Computer science even has a thing called the “Principle of Least Astonishment”, which states that “if a necessary feature has a high astonishment factor, it may be necessary to redesign the feature”.
And in football, that’s how most managers think too. They spend the week before a game working to ensure that nothing remotely surprising will be allowed happen during the 90 minutes. Meanwhile, among fans and commentators, the principle of maximum astonishment somehow endures.
In the face of this endless festival of flabbergasting, it’s hard for me not to feel inadequate. Whatever talent I had for finding football unbelievable peaked at around the same time Diego Maradona did.
Since then, the game just seems to have been repeating itself, albeit at ever higher speeds, and with such occasional enjoyable variations as Brentford beating Manchester United 4-0 (although I thought that perfectly credible too).
But there is a big paradox in the tendency of football supporters to find so many things unbelievable. After all, typically, the same supporters are people of faith. The essence of being a fan is that you believe in your team’s abilities, often without any empirical evidence.
Switching codes a moment, one thinks of Mayo football supporters, the millenarians of GAA, forever expecting the imminent second coming of Sam and just postponing the expected date of arrival by 12 months each year.

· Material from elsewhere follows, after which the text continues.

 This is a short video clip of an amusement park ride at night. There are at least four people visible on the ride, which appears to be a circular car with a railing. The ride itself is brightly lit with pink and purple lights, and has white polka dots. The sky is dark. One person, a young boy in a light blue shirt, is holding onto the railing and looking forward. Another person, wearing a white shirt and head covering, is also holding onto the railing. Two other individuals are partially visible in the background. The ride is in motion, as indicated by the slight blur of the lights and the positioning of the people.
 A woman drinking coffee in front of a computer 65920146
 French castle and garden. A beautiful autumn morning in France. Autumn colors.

Not that I can talk, being a member of an even more esoteric sect, based in the South Ulster Bible Belt, that falls for even less likely prophesies each spring.
Against that is the tendency of football fans in all codes to describe their current and former heroes as “legends”. On this side of the Irish Sea, especially, the etymological logic inherent in “legend” is that the bearer’s fame may have been exaggerated in oral tradition and the supposed feats not always to be relied on as fact.

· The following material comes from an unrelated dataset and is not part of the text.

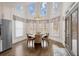 Bright breakfast nook features a modern light fixture and large windows at 10635 N Edgewater Pl, Johns Creek, GA 30097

Ireland’s original legends included the Fianna, a team of sportsmen reputed to have done many remarkable things. Just to pass the fitness test for membership, they had to be able to run under a stick placed at knee-height; pluck a thorn from their feet while sprinting flat out; and defend themselves against nine attackers while buried up to the waist.
Some of those skills might be useful in today’s English Premier League, although probably not the one whereby they also had to be able to recite 12 books of poetry. That would be my threshold for incredulity for the new season, by the way. If a Premier League star recites so much as a Shakespearian sonnet in post-match interviews, I will have no hesitation in declaring it unbelievable.